Things I Would Like to do in Real Life That I’ve Only Seen On Screen

THE SPECTACULAR DANCE
I’m at some function, everyone’s dancing, but as soon as my partner and I start dancing, the crowd parts to watch and cheer us because we are choreographed to perfection and are SPECTACULAR!

Grease dance

I don’t think my one will be in a school gymnasium, but other than that, very similar

THE POOL CHALLENGE
I walk into a dive bar, I’m a stranger. Some jerk is playing pool with his jerky buddies. They make disparaging remarks about me, so I challenge the jerk to a game of pool. Him and his jerky buddies laugh, but he takes the challenge anyway. I totally thrash him while remaining super-cool at all times. At first he looks like he’s going to get angry, but at the last second his buddy touches him on the arm which miraculously turns him into Mr Super-Nice. He has a change of heart, smiles, congratulates me, and welcomes me to the bar.

Movie pool table

There’ll be a lot more people here at the time to watch my victory game

THE VENTILATION DUCT
I could have just listened at the door, but that’s no fun. Instead I crawl along the ventilation duct which positions me just above the room where the two baddies are having the crucial reveal-all conversation, which starts just as I arrive, and finishes when I move 1mm and create a creaking sound that makes them look up to exactly where I am. It’s ok though, I’ve got all the information I need to save the day.

Bruce Willis scene

Thankfully Bruce Willis will be there to help light the way

THE GREAT ESCAPE
I’m driving through a city to escape the baddies. After crashing my car into some crates of fruit, I leap out and carry on by foot. I will run at high speed across several busy roads while looking behind me and  not getting hit by anything, and will then join in with a St Patrick’s Day parade that is conveniently passing through, enabling me to hide long enough for the baddies to lose me.

Taylor Lautner

I’ll be like Taylor Lautner, only in high heels

THE SPONTANEOUS SPEECH
I walk into a bar (again), there is some reason why I need to have my say about something to someone in there.
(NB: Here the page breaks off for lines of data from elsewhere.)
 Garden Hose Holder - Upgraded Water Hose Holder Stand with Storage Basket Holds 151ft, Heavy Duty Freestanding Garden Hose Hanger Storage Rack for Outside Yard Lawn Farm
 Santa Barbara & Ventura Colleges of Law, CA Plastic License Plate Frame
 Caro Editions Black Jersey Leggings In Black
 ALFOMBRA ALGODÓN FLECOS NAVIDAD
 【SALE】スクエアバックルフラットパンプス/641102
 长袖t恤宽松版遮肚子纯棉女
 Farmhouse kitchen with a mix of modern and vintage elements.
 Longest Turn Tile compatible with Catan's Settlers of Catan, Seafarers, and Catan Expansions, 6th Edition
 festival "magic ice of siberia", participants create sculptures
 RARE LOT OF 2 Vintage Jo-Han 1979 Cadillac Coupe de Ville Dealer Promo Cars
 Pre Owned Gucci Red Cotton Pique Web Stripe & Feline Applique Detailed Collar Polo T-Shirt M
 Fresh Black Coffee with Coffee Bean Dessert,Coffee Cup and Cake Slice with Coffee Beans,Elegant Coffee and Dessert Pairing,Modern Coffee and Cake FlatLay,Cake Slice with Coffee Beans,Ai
As soon as I utter the first few words, the jukebox music screeches to a halt, and everyone goes silent. I deliver an award-worthy speech; I’m making it up as I go along, and yet it is word perfect, everything flows, it is poignant, dramatic (but not overly so), and leaves everyone in awed silence. There may follow some applause, I’m not sure, maybe even a few tears. Either way, I’m pretty sure I’ll be looking fabulous throughout.

Movie glamour

I’ll be looking pretty much like this when I deliver the speech

What have you only ever seen in movies that you would like to do in real?

(This post was inspired by a recent post on Slouching Towards TV that you may like to read too.)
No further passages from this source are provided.